クルーグマンが、最近は貿易量の増大の話は旬ではなくなった――一つには貿易量がプラトーに達したため、もう一つにはトランプという喫緊の課題が出てきたため――と断りつつも、1990年から大不況前までの貿易量の増大をもたらしたメカニズムについて考察している

そこで彼は、輸送コストなどの障壁が、経済学者のいわゆる「有効保護率」と同じ働きをするのではないか、という考えを示している。


有効保護率という概念について彼は次のように説明している:輸入代替産業の保護を試みるある国が、自動車に関税を課すが自動車部品には関税を課さない場合、その国は事実上、自動車の組み立て産業を保護していることになる。
例えば自動車の関税率が20%であると同時に、価値にして輸入車の半分を占める部品は関税なしに輸入できるものとすると、自動車組み立て産業のコストが輸入先よりも40%割高だとしても、その産業は成立する。従って20%の名目関税率は40%の有効保護率となる。


輸入元の新興国の視点からこの話を展開すると、次のようになる:ある財の生産コストが先進国では100であるとする。うち50は中間投入財で、残りの50は組み立て費用である。新興国は投入財を生産できないが、輸入した投入財を組み立てることはできる。ただし、輸出入には10%の輸送費が掛かるものとする。
完成品の輸出だけを考えれば、新興国は100÷1.1≒91以下のコストでその財を生産できれば良い、ということになる。しかし輸入する投入財にも輸送費が掛かるので、そのコストは50×1.1=55となる。従って、先進国では50である組み立て費を、91ー55=36以下に抑える必要がある。つまり、10%の輸送費を克服するために、組み立て費を28%安くしなければならないことになる。
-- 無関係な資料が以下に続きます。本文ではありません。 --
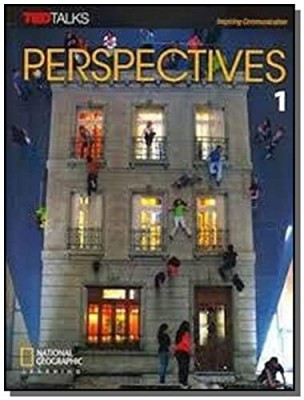 PERSPECTIVES 1 TCHRS (+ AUDIO + DVD ROM) - AMER. ED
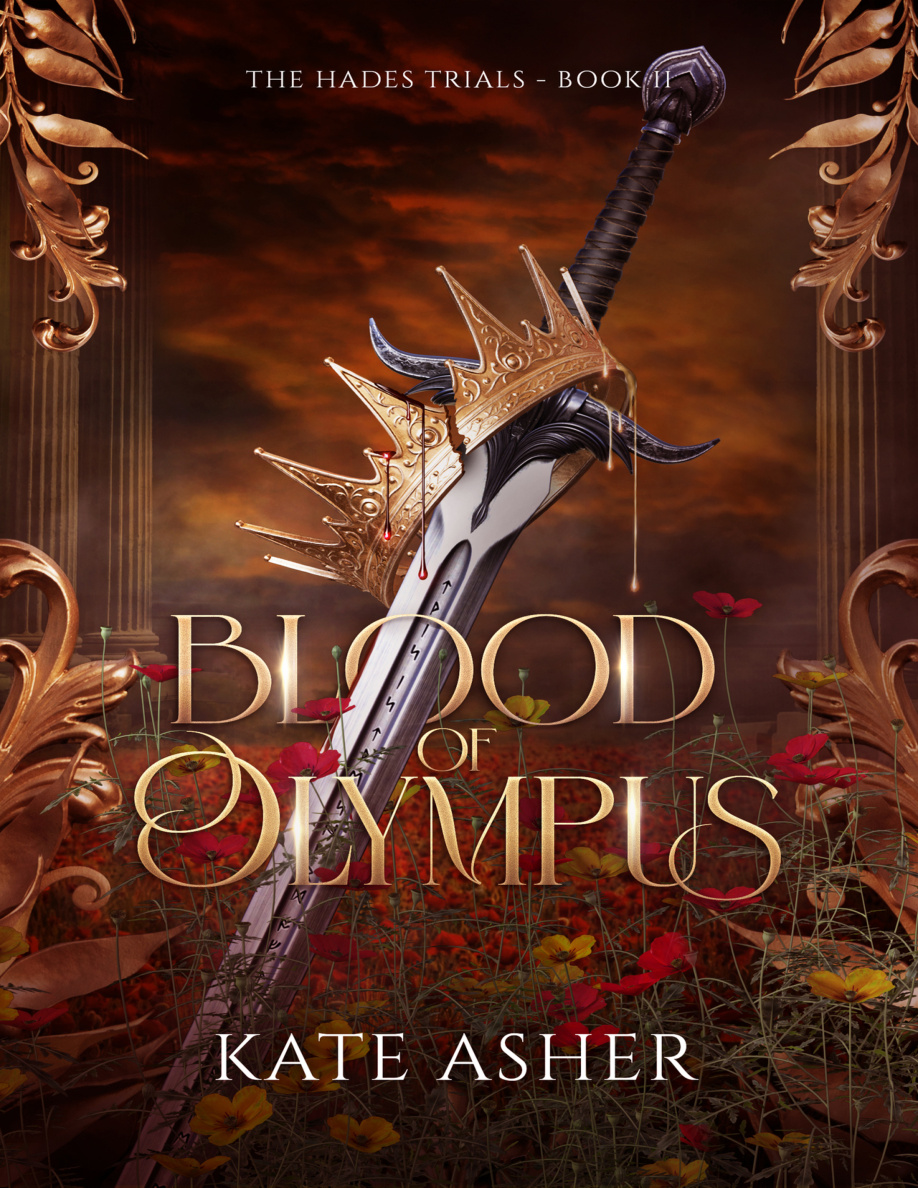 Blood of Olympus PDF Download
だが、一方でこのことは、輸送費のわずかな低下も、新興国が保持すべき生産コストの相対的な安さを大きく減らすため、生産立地に大きな影響をもたらすことを示している。しかもそれは貿易量にさらなる大きな影響をもたらす。というのは、完成品だけでなく中間財の輸送も増加するからである。こうして、数多くの「バリューチェーン」取引が成立する。


1990年代に起きたのはこういったことではないか、とクルーグマンは言う。即ちコンテナ化と発展途上国の貿易の自由化により、貿易が増えた、ということである。だがそれはますます一回きりの出来事であったように見える、ともクルーグマンは述べている*1

*1:ここここで紹介したように、この結論はクルーグマンのかねてからの持論。